El abordaje anterior utiliza un intervalo entre el músculo sartorio y el tensor de la fascia lata . Este abordaje, que se utilizaba habitualmente para la cirugía de reparación de fracturas pélvicas, se ha adaptado para su uso en el reemplazo de cadera. Cuando se utilizó con sistemas de implantes de cadera más antiguos que tenían una cabeza de diámetro pequeño, las tasas de dislocación se redujeron en comparación con la cirugía posterior. Los diseños de implantes modernos ofrecen tasas de dislocación similares en los abordajes anterior y posterior. [75] Se ha demostrado en estudios que el abordaje anterior mejora de forma variable la recuperación funcional temprana, con posibles complicaciones de aflojamiento del componente femoral y revisión temprana. [76] [77] [78] [79] [80] [81]

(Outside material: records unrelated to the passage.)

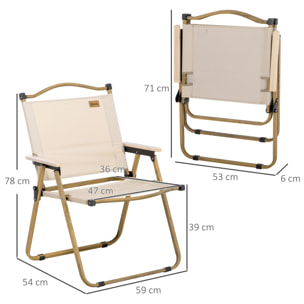Lot de 2 chaises de plage camping pliantes - poignée - structure acier aspect bois oxford beige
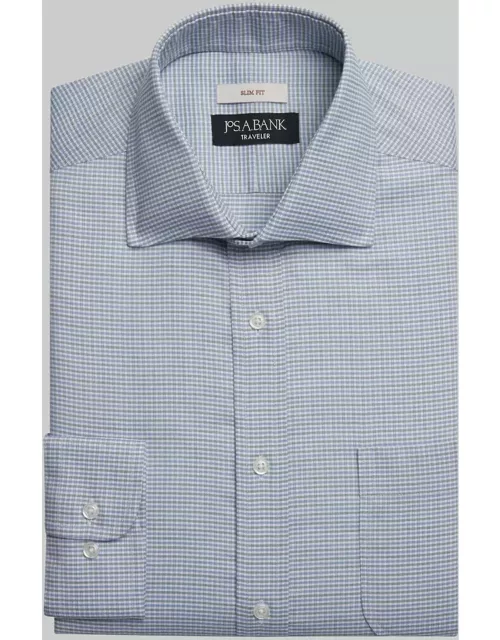 JoS. A. Bank Men's Traveler Collection Slim Fit Dress Shirt, Blue, 15 34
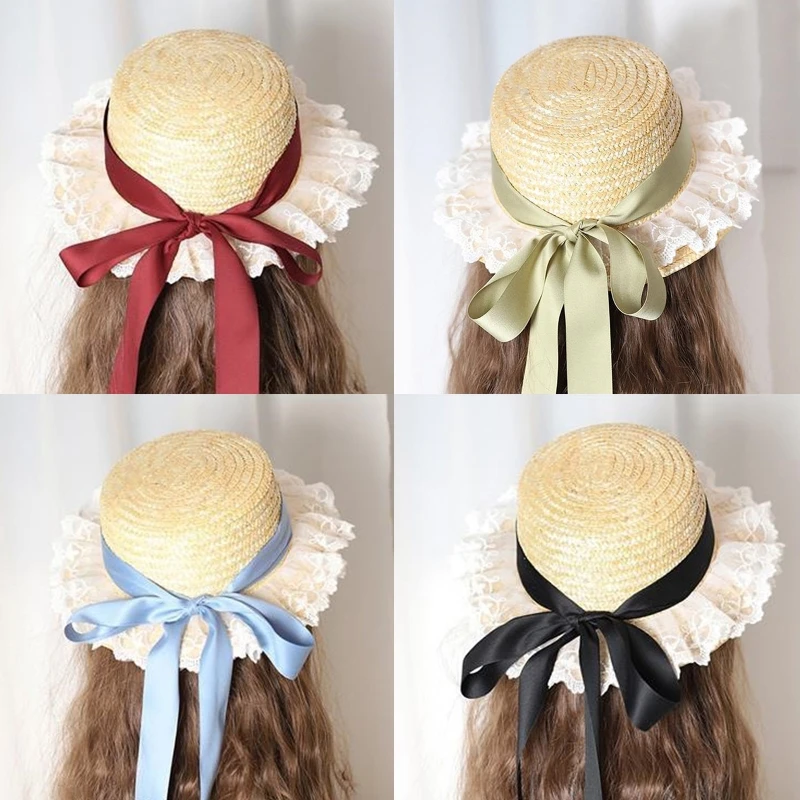 

Шляпа женская Соломенная с широкими полями, Пляжная Панама с лентой и цветами, милая плоская, лето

El enfoque de doble incisión y otras cirugías mínimamente invasivas buscan reducir el daño a los tejidos blandos mediante la reducción del tamaño de la incisión. Sin embargo, la precisión del posicionamiento de los componentes y la visualización de las estructuras óseas pueden verse significativamente afectadas a medida que las incisiones se hacen más pequeñas. Esto puede provocar fracturas no deseadas y lesiones de tejidos blandos. La mayoría de los cirujanos ortopédicos utilizan un enfoque "mínimamente invasivo" en comparación con los enfoques tradicionales que, comparativamente, eran bastante grandes. [ cita médica necesaria ]
Se encuentran disponibles técnicas de cirugía asistida por computadora y cirugía robótica para guiar al cirujano y proporcionar una mayor precisión de los componentes. [82] Se encuentran disponibles varios sistemas robóticos y CAS comerciales. Estos sistemas no han demostrado mejores resultados para los pacientes ni reducción de las complicaciones. [83] [84]

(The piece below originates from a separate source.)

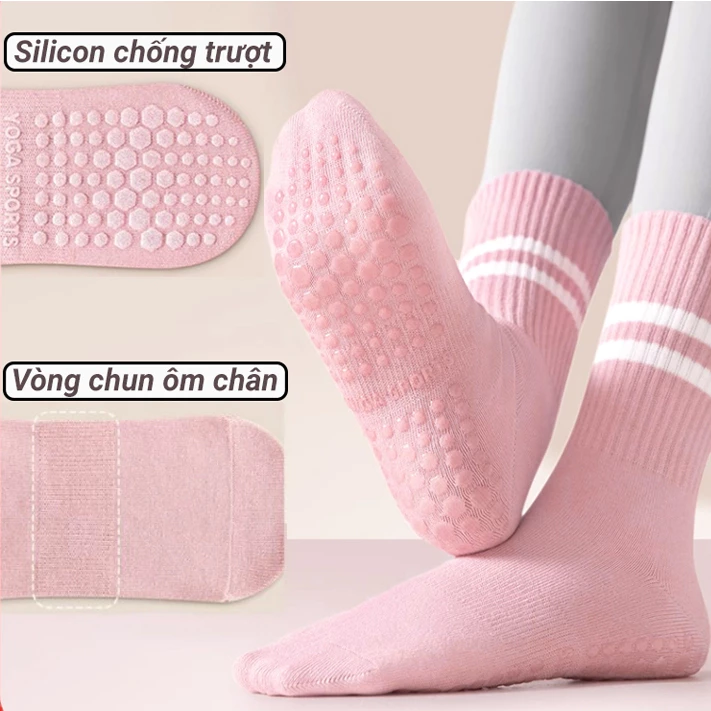 Tất nữ tập Yoga Gym Pilates chống trơn trượt, vớ chân nữ cổ lửng chất liệu cotton thoáng khí có gắn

El implante protésico utilizado en el reemplazo de cadera consta de tres partes: la copa acetabular, el componente femoral y la interfaz articular. Existen opciones para diferentes personas e indicaciones. La evidencia para una serie de dispositivos más nuevos no es muy buena, entre ellos: cojinetes de cerámica sobre cerámica, cuellos femorales modulares y cotilos monobloque no cementados. [85]
La copa acetabular es el componente que se coloca en el acetábulo (cavidad de la cadera). Se extraen el cartílago y el hueso del acetábulo y se fija la copa acetabular mediante fricción o cemento. Algunos cotilos acetabulares son de una sola pieza, mientras que otros son modulares. Los cotilos de una sola pieza (monobloque) son de polietileno de peso molecular ultraalto o de metal, tienen su superficie articular mecanizada en la superficie interior de la copa y no dependen de un mecanismo de bloqueo para mantener el revestimiento en su lugar. Una copa de polietileno monobloque se cementa en su lugar mientras que una copa de metal se mantiene en su lugar mediante un revestimiento metálico en el exterior de la copa. Las copas modulares constan de dos piezas, un armazón y un forro. La carcasa está hecha de metal; el exterior tiene un revestimiento poroso mientras que el interior contiene un mecanismo de bloqueo diseñado para aceptar un revestimiento. Dos tipos de recubrimiento poroso utilizados para formar un ajuste por fricción son perlas sinterizadas y un diseño de espuma metálica para imitar las trabéculas del hueso esponjoso y la estabilidad inicial está influenciada por el escariado insuficiente y la fuerza de inserción. [86] La fijación permanente se logra a medida que el hueso crece sobre o dentro del revestimiento poroso. Se pueden utilizar tornillos para unir el caparazón al hueso, proporcionando una fijación aún mayor. Los revestimientos de polietileno se colocan dentro del armazón y se conectan mediante un mecanismo de bloqueo del borde; Los revestimientos cerámicos y metálicos se fijan con un cono Morse . [ cita médica necesaria ]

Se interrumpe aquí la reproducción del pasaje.